A vegliare sulla vita e a scongiurare la morte di Sgarbi c’è l’eterea, solida Sabrina Colle, moglie-non moglie (gli Sgarbi, come i Berlusconi, non si sposano più) che attende, modera, comanda. Contiene. Nei saloni questi sì dannunziani dietro al teatro Argentina, tra dipinti e oscuri velaggi, la notte è il territorio sgarbesco che – altra cosa in comune con Berlusconi – è insonne, dunque eccolo lì, su un divanetto, in fondo in fondo, mentre la casa pullula di cortigiani, belle ragazze, ragazze così così, segretari coi fogli che cascano, e lui lì che gira su se stesso, detta, bacia, perizia, agguanta la vita (notturna). Magari in mutande. La visita a casa Sgarbi è una tappa inevitabile nel grand tour romano, quando ti installi nella capitale prima o poi qualcuno – di notte – ti dirà: andiamo a casa di Vittorio, come a dire, ti porto al premio Strega o alla villa Furibonda. E’ un passaggio importante, iniziatico. Anche se la vera casa di Sgarbi è la macchina, lui infatti in auto bivacca, l’auto (perennemente col lampeggiante acceso) sfreccia ad altissima velocità di badia in badia di museo in museo, di inaugurazione in inaugurazione, ricolma di carte, documenti, libri, mentre Vittorio seduto davanti a destra (mai dietro) compulsa, gli occhiali tirati su, le novità del momento anzi del secondo, sul cellulare a cui è perennemente attaccato.

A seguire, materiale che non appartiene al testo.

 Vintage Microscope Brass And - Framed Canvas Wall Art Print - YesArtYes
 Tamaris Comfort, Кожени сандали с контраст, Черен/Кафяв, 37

Sgarbi insomma è un misto tra D’Annunzio e Bruno Cortona, la sua vita oscilla tra “Il piacere” e “il Sorpasso”; il suo gesto più filologicamente dannunziano fu nel 1998 quando cercò di rompere l’embargo internazionale alla Libia di Gheddafi, violando – col fido Glidewell e un manipolo di arditi – il blocco aereo e atterrando a Tripoli con due piccoli Piper decollati da Lampedusa. Ma per restare a terra, una volta lo si incontrò in un grand hotel della Versilia con una signora dall’aria spaesata che aveva tirato su chissà dove, un’ammiratrice, anche un po’ agée, a cui aveva fatto vivere il brivido, per qualche giorno, della vita sgarbesca, tra suite e inaugurazioni (e chissà poi dove l’avrà depositata). Perché la vera dimensione di Sgarbi è la provincia, la provincia delle pievi e dei conventi e delle cattedrali ma anche degli industriali e dei burrifici. Di questo territorio Sgarbi è l’ospite di sogno, l’intellettuale però televisivo, il televisivo però colto, che illumina con la sua aura banchetti ed eventi e perfino matrimoni e battesimi (dove raccontano si facesse pagare per l’augusta presenza, come un neomelodico della cultura). Come Berlusconi e D’Annunzio e Busi non è un fenomeno urbano e metropolitano, la sua presenza appartiene a un contado che si immagina leggendario. Al suo passaggio le signore sospirano, e lui non è insensibile. Ma come Berlusconi e a differenza del Vate, Sgarbi non necessita di polverine, lui produce eccitanti da sé, è autosufficiente come uno di quegli enormi impianti eolici disseminati nella infinita provincia italiana, quei mulini a vento che sono tra i suoi nemici preferiti.